**WHAT THIS TASK INVOLVES**
For the entries that follow, retype exactly the lines from the one containing "挡土墙工程施工承包合同.doc" to the one containing "封存公积金提取条件 封存的公积金怎么提取", inclusive, and only those. Images stay out of the copy.

**EXERCISE DATA**
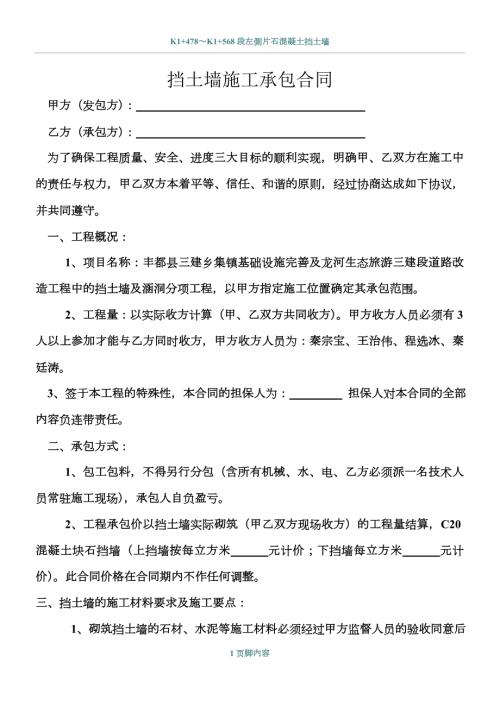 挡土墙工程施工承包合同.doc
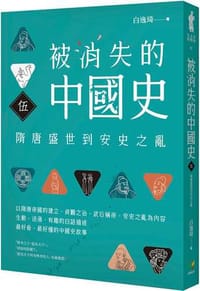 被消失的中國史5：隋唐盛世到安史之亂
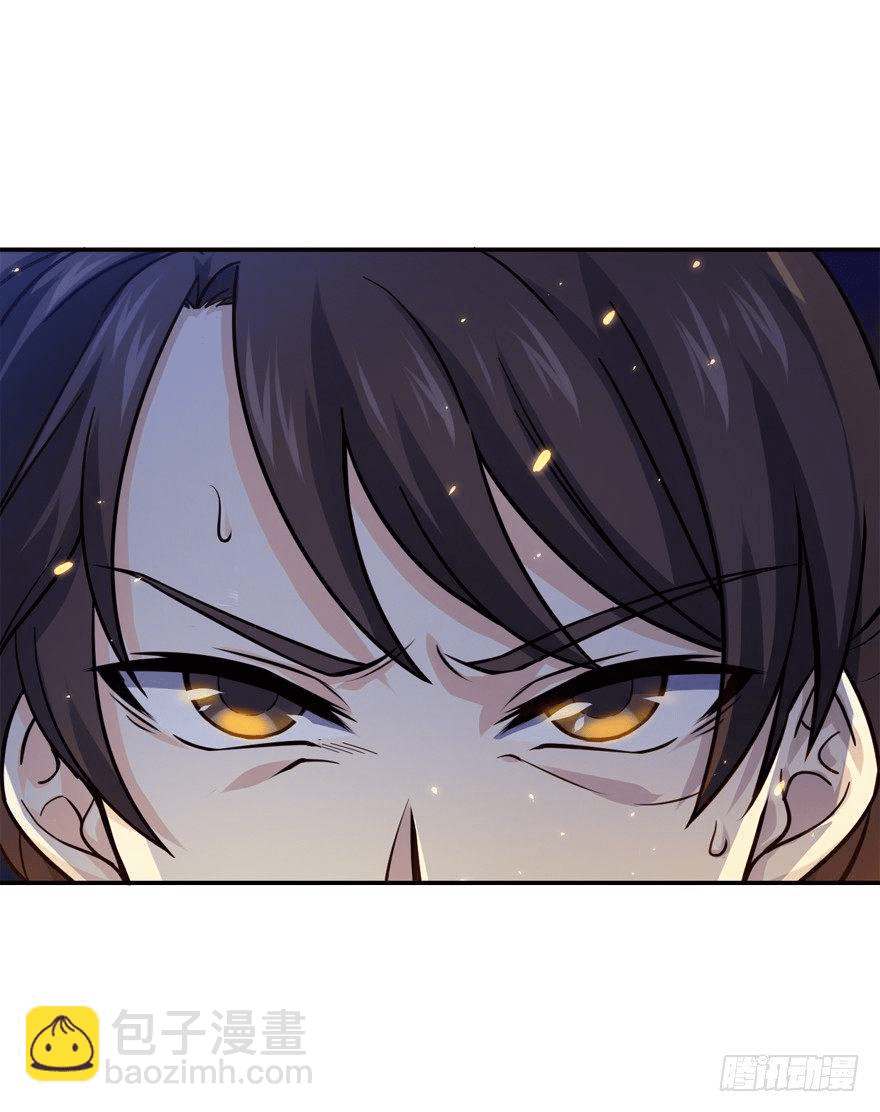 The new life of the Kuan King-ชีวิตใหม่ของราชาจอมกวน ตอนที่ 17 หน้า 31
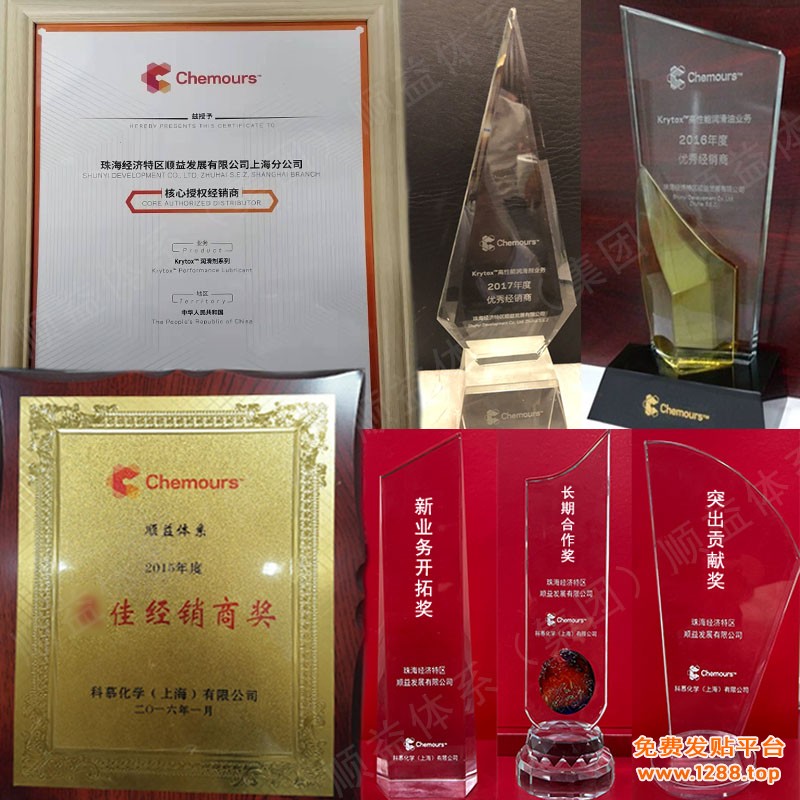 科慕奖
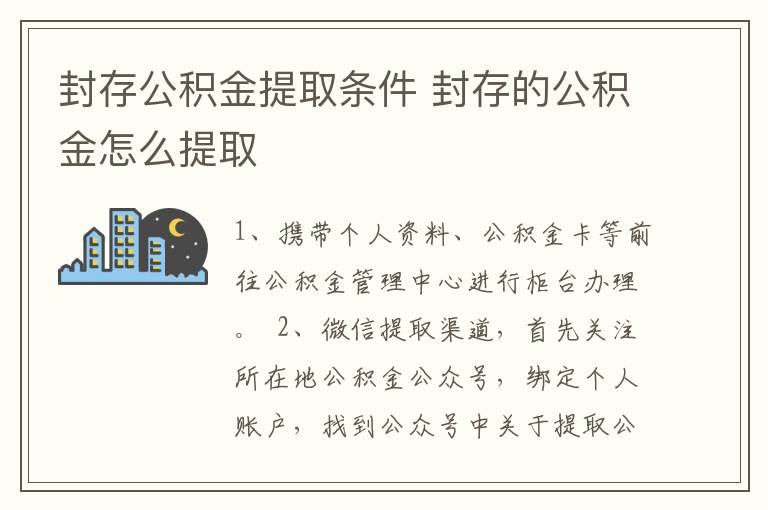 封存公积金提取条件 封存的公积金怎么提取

...

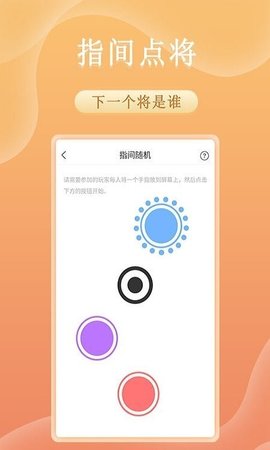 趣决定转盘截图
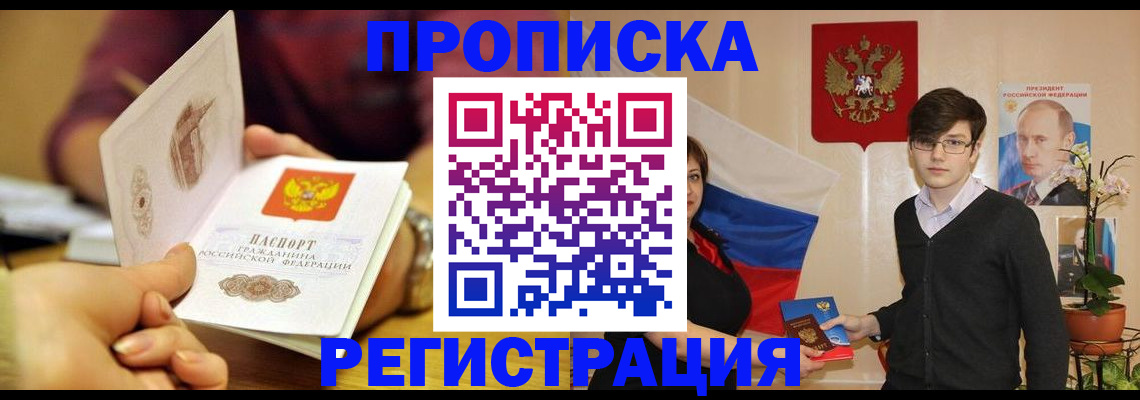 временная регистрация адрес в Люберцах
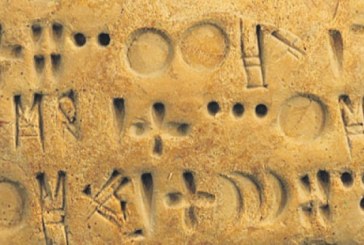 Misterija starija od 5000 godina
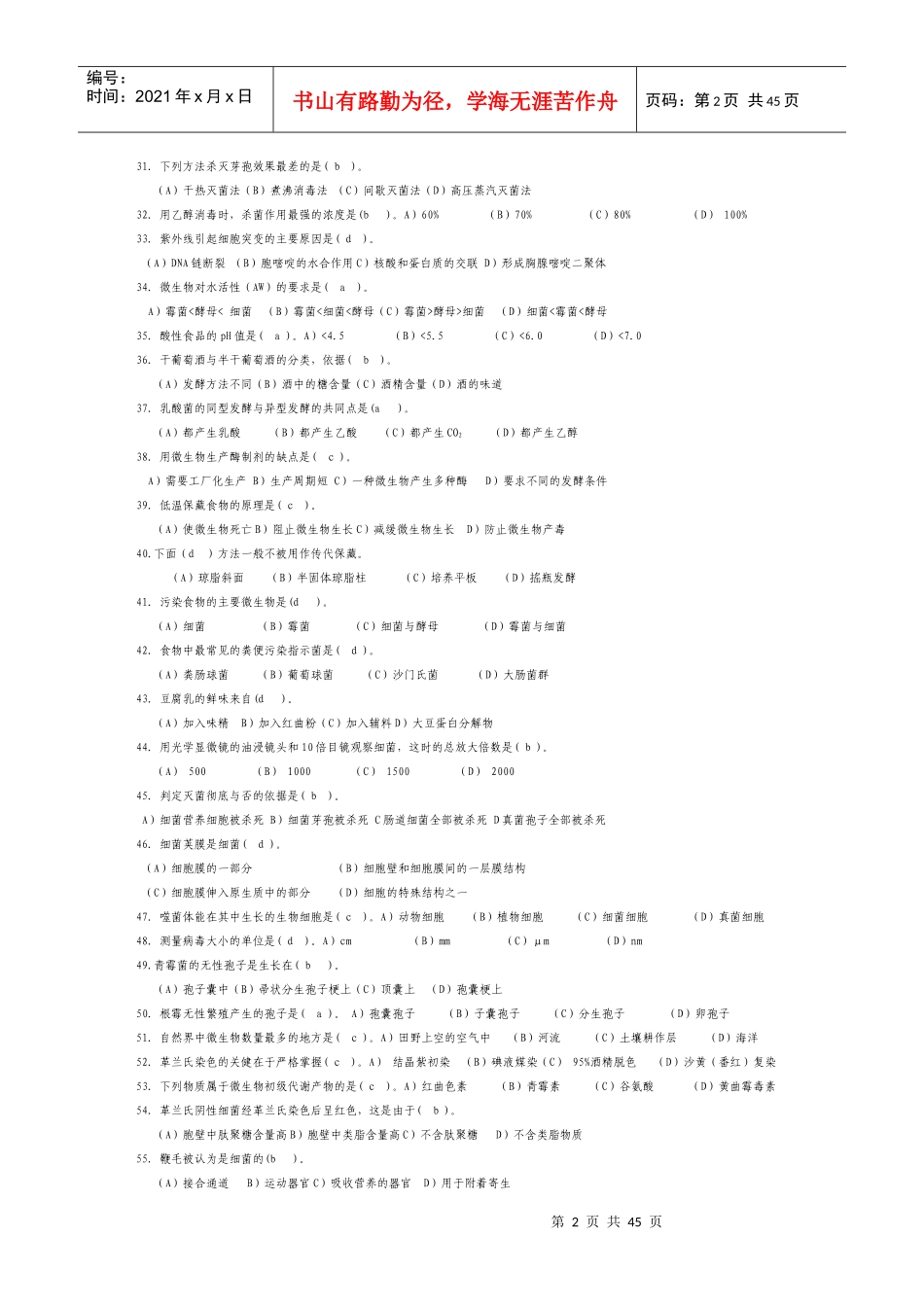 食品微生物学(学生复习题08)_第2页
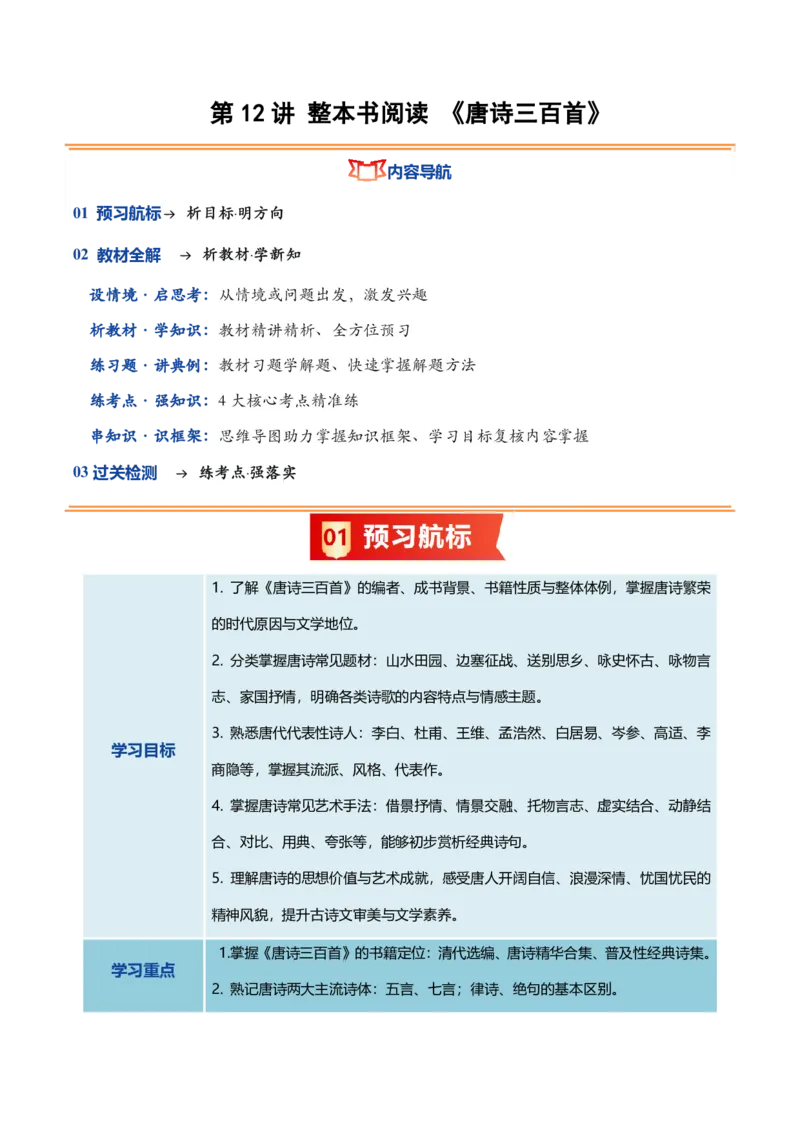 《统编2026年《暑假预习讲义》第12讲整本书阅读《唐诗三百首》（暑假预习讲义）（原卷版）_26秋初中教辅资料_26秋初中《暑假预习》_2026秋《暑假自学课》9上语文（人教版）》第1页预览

**THE ANSWER**
 挡土墙工程施工承包合同.doc
 被消失的中國史5：隋唐盛世到安史之亂
 The new life of the Kuan King-ชีวิตใหม่ของราชาจอมกวน ตอนที่ 17 หน้า 31
 科慕奖
 封存公积金提取条件 封存的公积金怎么提取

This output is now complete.